(DATA EXTRACT begins)
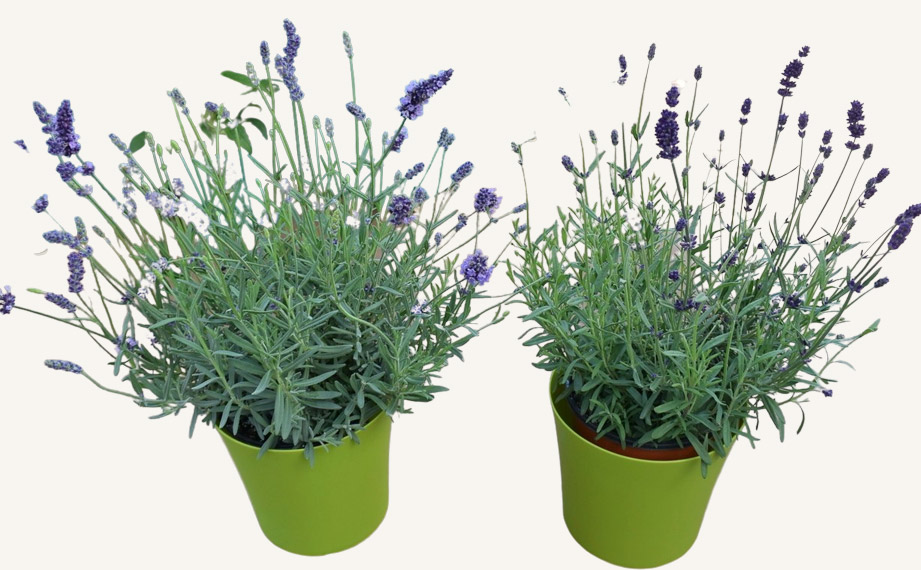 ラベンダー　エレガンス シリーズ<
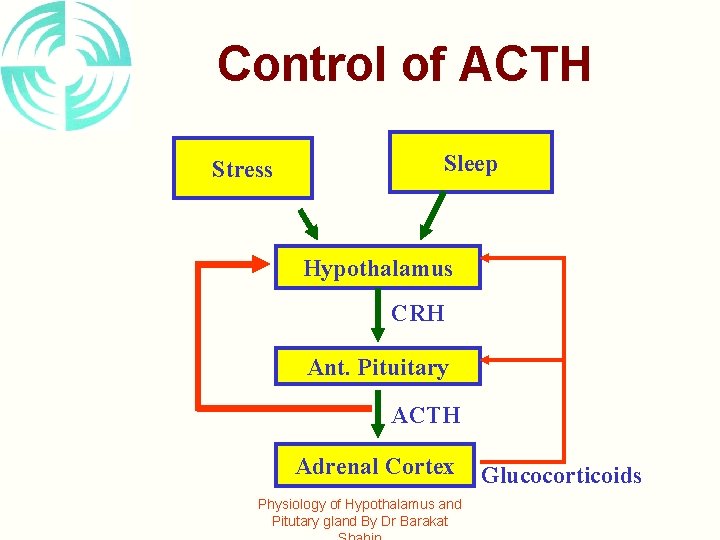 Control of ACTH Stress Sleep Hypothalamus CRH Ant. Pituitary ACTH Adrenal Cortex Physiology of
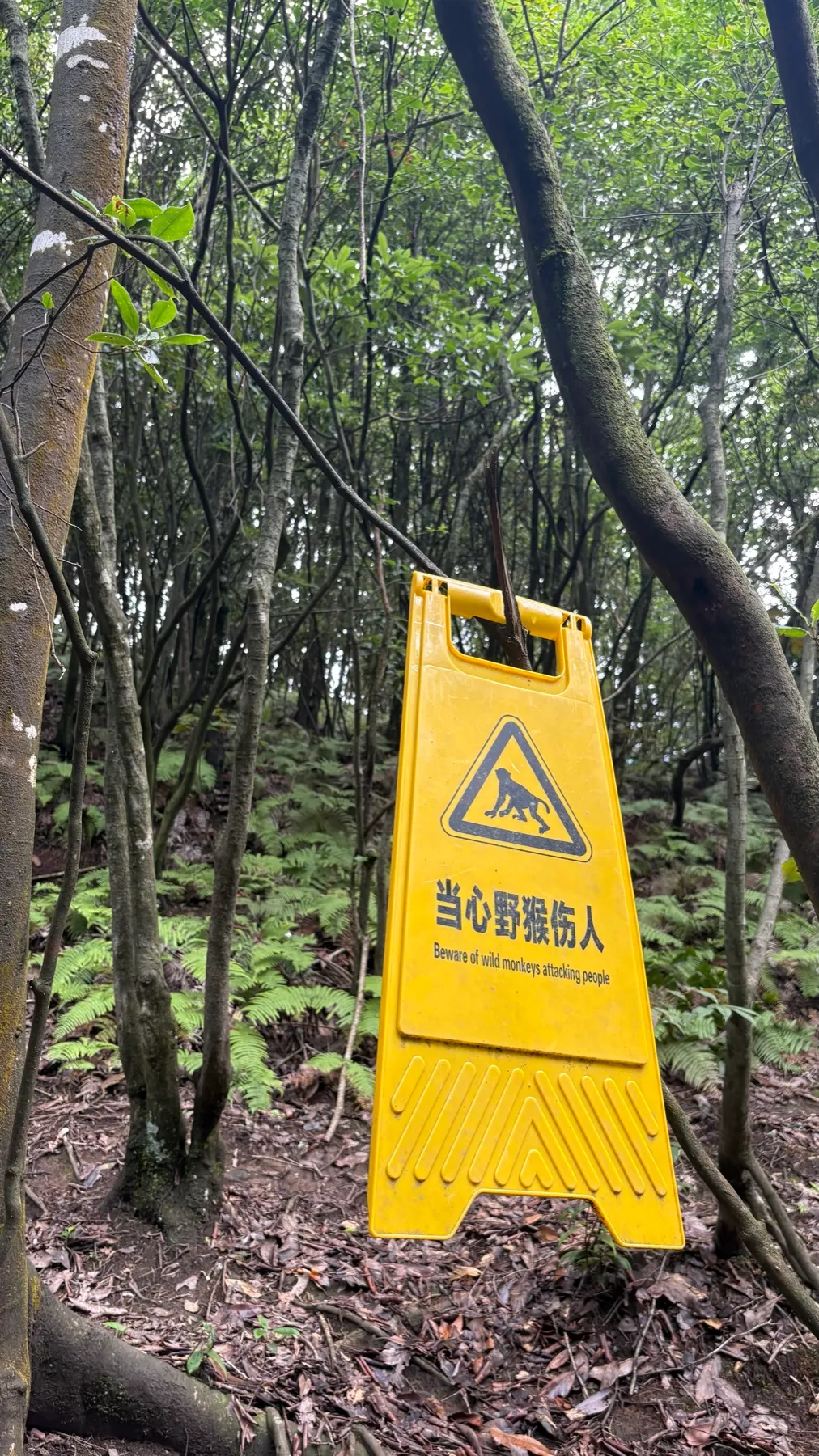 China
(DATA EXTRACT ends)
> **AIM OF THE EXERCISE**
Set the data above down again exactly as given, with no pictures.

> **COMPLETED EXERCISE**
 ラベンダー　エレガンス シリーズ<
 Control of ACTH Stress Sleep Hypothalamus CRH Ant. Pituitary ACTH Adrenal Cortex Physiology of
 China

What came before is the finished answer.